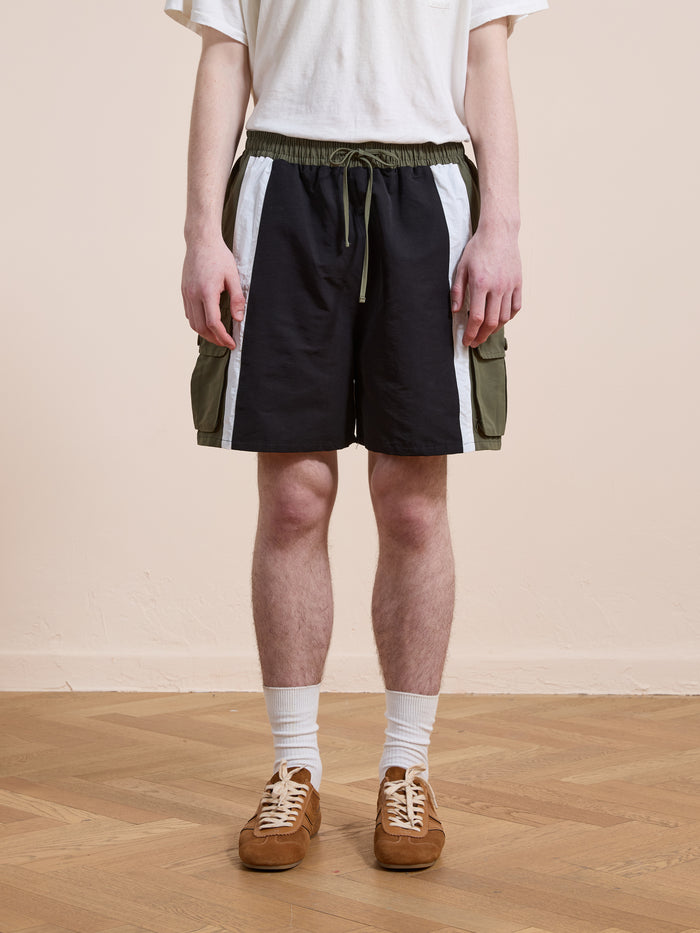 A person wearing a white t-shirt, Found Sporting Club Track Shorts with green pockets, white socks, and brown sneakers stands on a wooden floor against a plain wall.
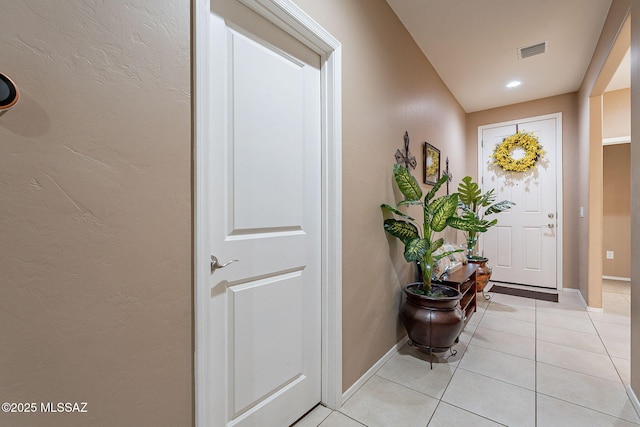 doorway to outside featuring light tile patterned floors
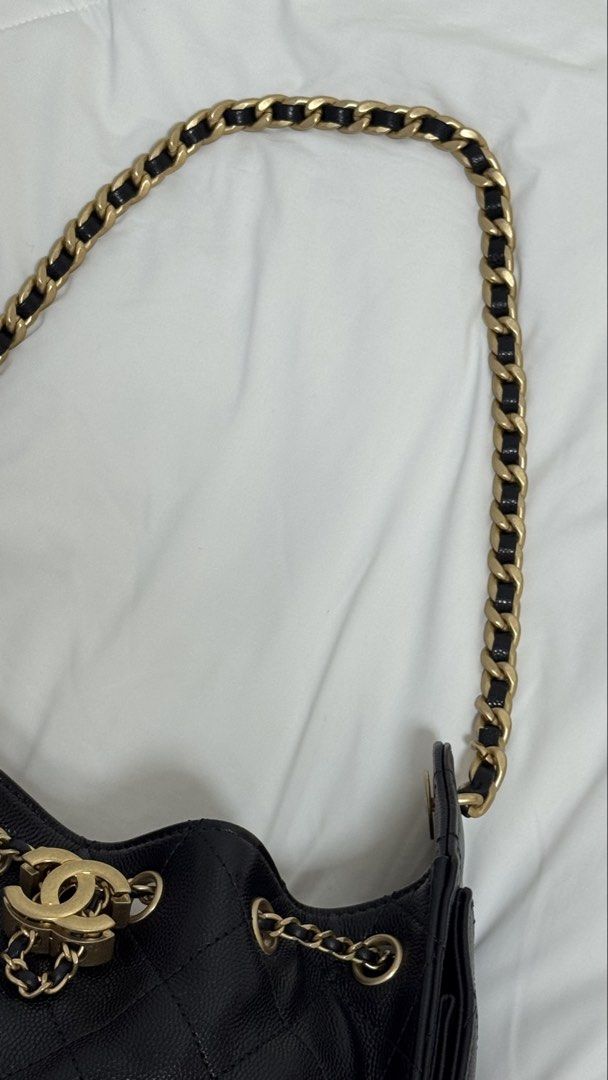Chanel 25 Mini Hobo Bag in Black Caviar and AGHW (Category: Bags & Wallets) located in Singapore. Submitted by shopflux (Listing ID 1448419272, Image 5). Description: In Caviar and aged gold hardware (highly sought combo) Full Set - Mar 2026 Bought from Japan boutique Microchipped Used twice lightly only Condition: 10/10 like new condition Can fit a lot stuff even though it’s mini size and suits many occasions, classic piece! Comes with: Full set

┄┄┄┄┄┄┄┄┄┄

Starting at the line that contains "doorway to outside", write out exactly each line through the last one in the listing above, leaving out the pictures and adding nothing else.

 doorway to outside featuring light tile patterned floors
Chanel 25 Mini Hobo Bag in Black Caviar and AGHW (Category: Bags & Wallets) located in Singapore. Submitted by shopflux (Listing ID 1448419272, Image 5). Description: In Caviar and aged gold hardware (highly sought combo) Full Set - Mar 2026 Bought from Japan boutique Microchipped Used twice lightly only Condition: 10/10 like new condition Can fit a lot stuff even though it’s mini size and suits many occasions, classic piece! Comes with: Full set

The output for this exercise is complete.